Fokus Penguatan Distribusi
- Stok yang memadai: Bulog menargetkan penambahan cadangan beras strategis sebesar 1,2 juta ton dan minyak goreng sebanyak 300 ribu ton pada kuartal pertama 2026.
- Distribusi cepat: Penggunaan armada truk berpendingin dan kerjasama dengan lembaga desa serta kelurahan diharapkan mempersingkat waktu penyaluran dari pusat ke titik akhir.
- Transparansi: Setiap langkah distribusi akan dipublikasikan melalui portal resmi Bulog, termasuk data penerima, volume bantuan, dan tanggal penyerahan.
Kolaborasi dengan Pemerintah dan Lembaga Sosial
Bulog berkoordinasi erat dengan Kementerian Sosial, Kementerian Pertanian, serta Badan Penyelenggara Jaminan Sosial (BPJS) untuk memastikan bantuan tepat sasaran. Program ini juga melibatkan Lembaga Swadaya Masyarakat (LSM) yang memiliki jaringan di daerah‑daerah terpencil.

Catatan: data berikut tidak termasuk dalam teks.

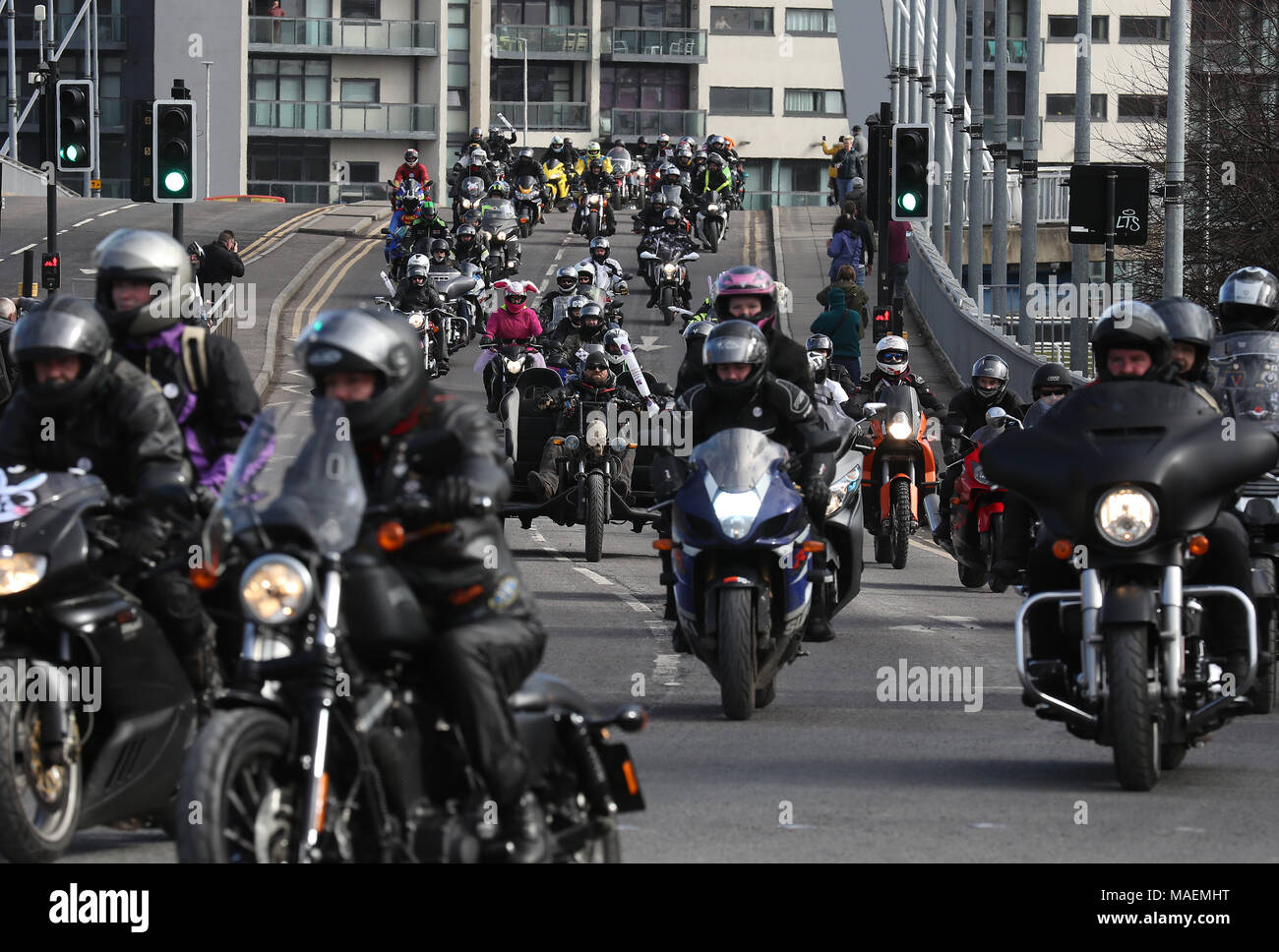 Bikers travel across the 'Squinty' Bridge in Glasgow, en route to the Queen Elizabeth University Hospital, as bikers take part in Glasgow Children's Hospital Charity Easter Egg Run on their motorbikes. Stock Photo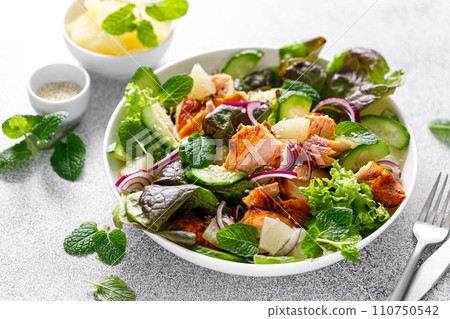 Salad with grilled salmon, fresh green salad leaves, cucumber, red onion, mint and pineapple. Healthy lunch salad for keto diet 110750542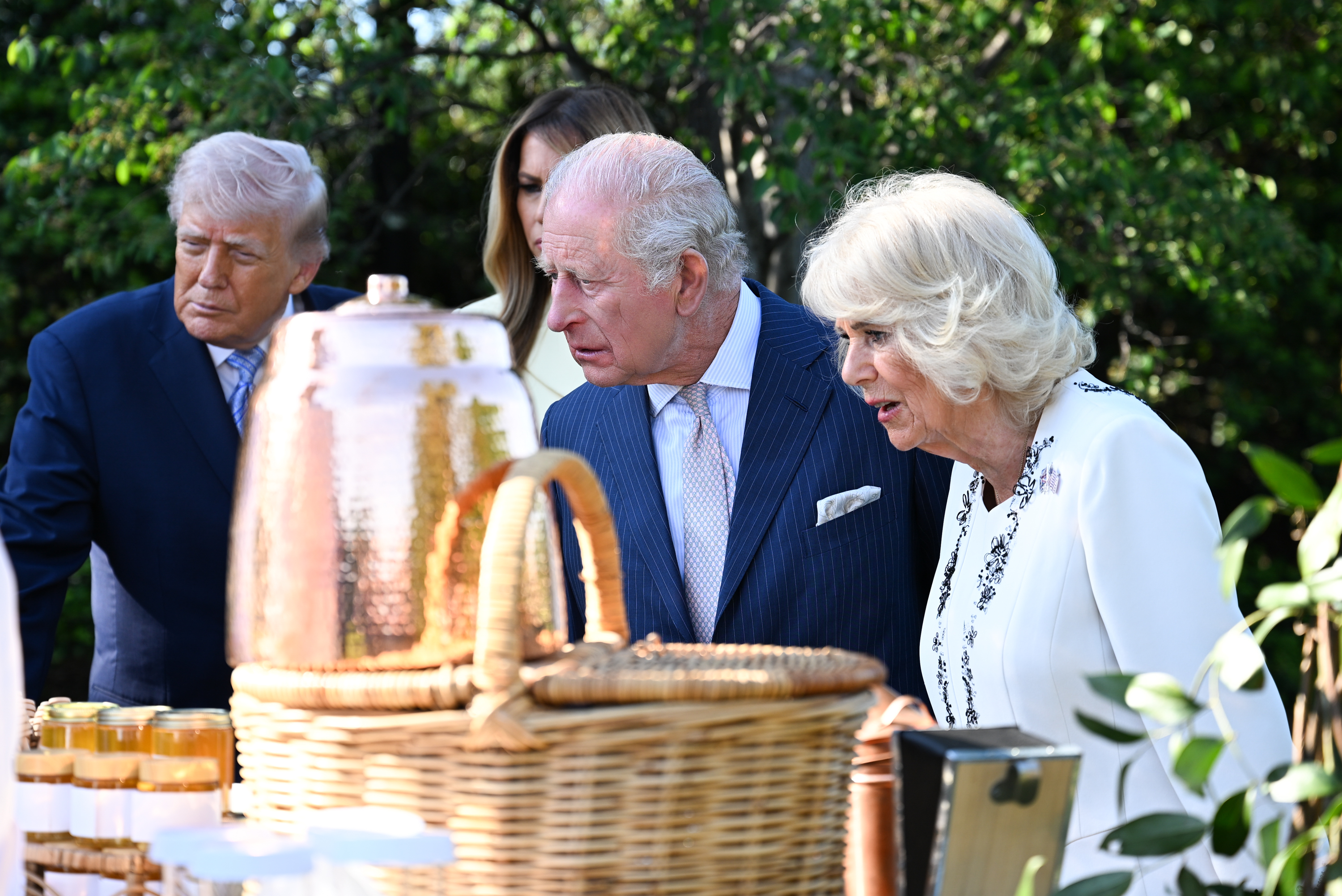King Charles III and Queen Camilla were later seen leaning in to examine a display of refreshments during the outdoor reception, as President Donald Trump and First Lady Melania Trump looked on nearby. The candid moment, framed by wicker baskets and glass jars, offered a glimpse into the more informal side of the gathering, as the royal couple engaged with elements of the event beyond the formal greetings.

Dampak terhadap Harga Pangan
Penguatan distribusi diharapkan dapat menstabilkan harga beras dan minyak goreng di pasar tradisional. Dengan memasok kebutuhan pokok secara teratur, Bulog berupaya menurunkan tekanan inflasi pangan yang selama ini menjadi beban utama rumah tangga berpenghasilan rendah.
Ahmad Rizal menambahkan, “Kami tidak hanya berfokus pada kuantitas, tetapi juga pada kualitas pelayanan. Setiap bantuan harus sampai kepada yang membutuhkan tanpa penundaan atau kebocoran. Ini adalah bagian dari tugas kami sebagai perusahaan milik negara untuk menjaga ketahanan pangan nasional.”